Let's see how Einstein rationalized a 'correct' derivation.
Einstein's thought experiment:
"Considered a body at rest with mass m. If the body is
examined in a frame moving with nonrelativistic velocity
v, it is no longer at rest and in the moving frame it has
momentum mv.
Suppose now that the body emits two pulses of light to the
left and to the right, each carrying an equal amount of energy
E/2. Since the two pulses are equal, the object remains at rest
after the emission since the two beams are equal in strength
and carry opposite momentum."
At this point, I ask:
Can a body emit two opposite pulses simultaneously, each one
with energy E/2? Say that body is an electron. A spontaneous
emission means you can't predict when a photon will be emitted.
Only within an ensemble of atoms/molecules you can perform
statistics to compute a probability of emission. Thus, Einstein's
thought experiment is fatally flawed. The probabibility that an
electron emitted two simultaneous opposite photons of equal
energy is actually zero for an electron alone. But, let's give
that thought experiment the benefit of the doubt and assume the
simultaneous emission takes place in a macroscopic body
(ensemble).
Einstein continued his razionale:
"But if we consider the same process in a frame moving
with velocity v to the left, the pulse moving to the left will
be redshifted while the pulse moving to the right will be
blueshifted. The blue light carries more momentum than
the red light, so that the momentum of the light in the moving
frame is not balanced. The light is carrying some net momentum
to the right.
But the object hasn't changed its velocity before or after
the emission. Yet in this frame it lost some right-momentum to
the light. The only way it could have lost momentum is by losing
mass."
Now, I ask: Is losing mass actually the only way it could have lost
momentum? At this step of Einstein's rationale, I can see how the
previous flawed assumption is deeply influencing on this one.
the claim "the object hasn't changed its velocity before or after the
emission" can't be admitted. Two simultaneous opposite pulses of
equal energy E/2 is a phenomenon with no physical meaning.
There must exist at least an infinitesimal random time interval
between
both pulses. So, the body actually change its momentum when the
first pulse is emitted, and then it will recover part of the lost
momentum
when the opposite pulse is emitted. The question is, will it recover
the
whole lost momentum? Since the time interval between those two
opposite pulses of equal energy is a random infinitesimal time, dt,
then the body will not be at rest after the former emission. So, we
can
see losing mass is not the only way a body could have lost momentum.

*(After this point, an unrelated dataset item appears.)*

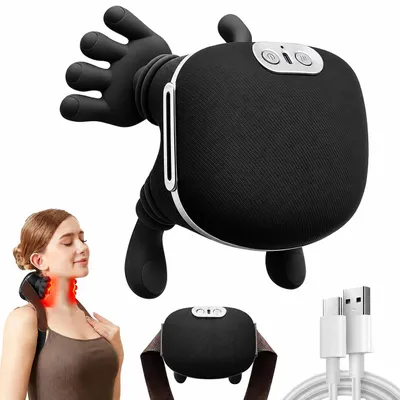 Produktbild von Nackenmassagegerät, Rückenmassagegerät, 4D Shiatsu Massagegerät mit Wärme, Tiefengewebe-Knetmassage, Muskel- & Schmerzlinderung, KI-generiertes Bild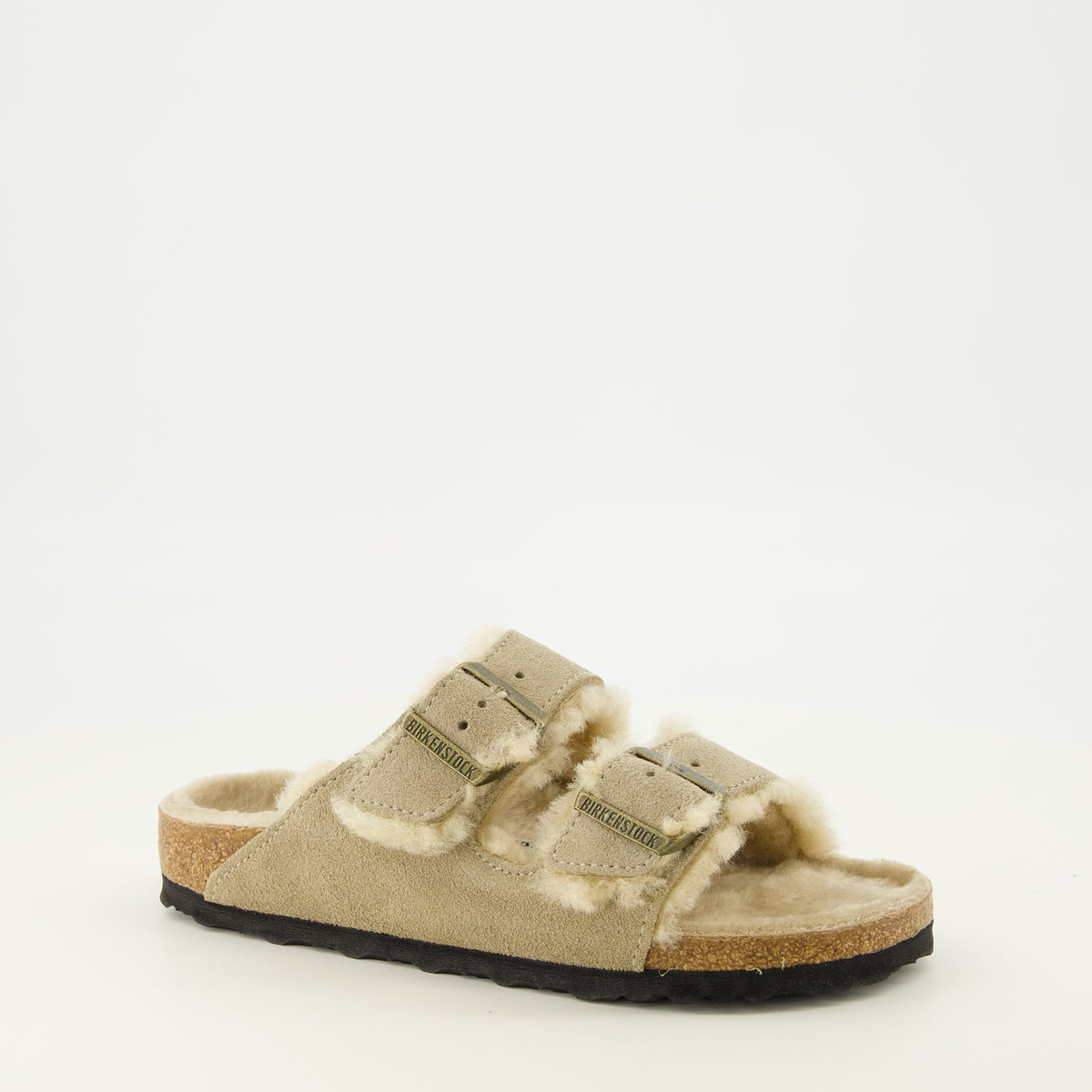 Chaussures ouvertes Sandales Arizona à fourrure beige Birkenstock Beige Unisexe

After the first of those two non-simultaneous emissions has taken
place
we will be able to see the body slightly moving either in one
direction or
in its opposite one, but we will be unable to predit which one the
body will
be following. Therefore, in a frame moving with velocity v to the left
before
emissions, we will see the body, after the first emission, is moving
to the
right with a velocity v' = - v + dv, where dv is an infinitesimal
velocity whose
sign +/- can't be predicted. After the latter emission, the body will
become
at rest, but in a different location. Only when that thought
experiment has
been performed many times in a more realistic framework, we could
compute
statistics on spontaneous emissions, so we would then be able to
predict certain
probability for the sign +/- of dv. Once that statistics has been
performed,
we will have a more complete picture or the motion of that inertial
macroscopic body (ensemble of atoms/molecules).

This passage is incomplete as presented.